3/ The US 10Y has been on the move this week, climbing back to 4.17%.
Back to levels last seen last November, and before that, mid-2008.
4/ Wells Fargo thinks the probability of a soft landing has increased.
"We still think it is more likely than not that the economy experiences a few quarters of negative GDP growth and declining employment early next year. But - the probability of a soft landing has increased".
@MTSInsights 5/ US 30Y Mortgage rates surpassed 7.5% recently, marking the first time in 23 years they have been so high.
"The economy is currently experiencing a significant tightening of financial conditions, largely driven by the persisting fragility in the Treasury market".
6/ Six-figure households are witnessing the slowest wage growth according to BofA.
7/ Don't be distracted by scary debt level statistics, debt servicing burdens remain low.
"Debt payments consumed just 9.6% of disposable income in Q1, slightly below the pre-pandemic level and well below the long-run norm".
@MTSInsights 8/ The incredible rise of unprofitable companies.
As a percentage of publicly listed firms, unprofitable companies have grown from ~40% to ~50% in the last three decades.
@MTSInsights @SnippetFinance 9/ Big American companies have consistently earned more and more.
"Some analysts expect corporate earnings to fall dramatically over the next few years. Even if they're right and earnings fall, they should recover within a few years, as they've always done historically".
@MTSInsights @SnippetFinance @ValuablOfficial 10/ No Hike Needed?
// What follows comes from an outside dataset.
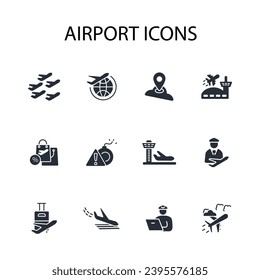 Icono de aeropuerto set.vector.Acto editable.Signo de estilo lineal para uso diseño web,logotipo.Ilustración de símbolo.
"The latest inflation data support our expectation that the core trend will have slowed enough by November for the FOMC to conclude that a final hike is unnecessary - we expect the first cut in 2024Q2 with core PCE inflation below 3% YoY."
11/ With a little over a month until the next FOMC meeting, the market is anticipating a pause to rate movement activity from the Fed.
However, a lot can change in 37 days.
12/ The valuation component of this year's stock-market rally may be ending.
@TimmerFidelity: "That means earnings will need to do the heavy lifting from here. The forward P/E ratio for the S&P 500 has expanded by 27%. Timing for a valuation peak is about right".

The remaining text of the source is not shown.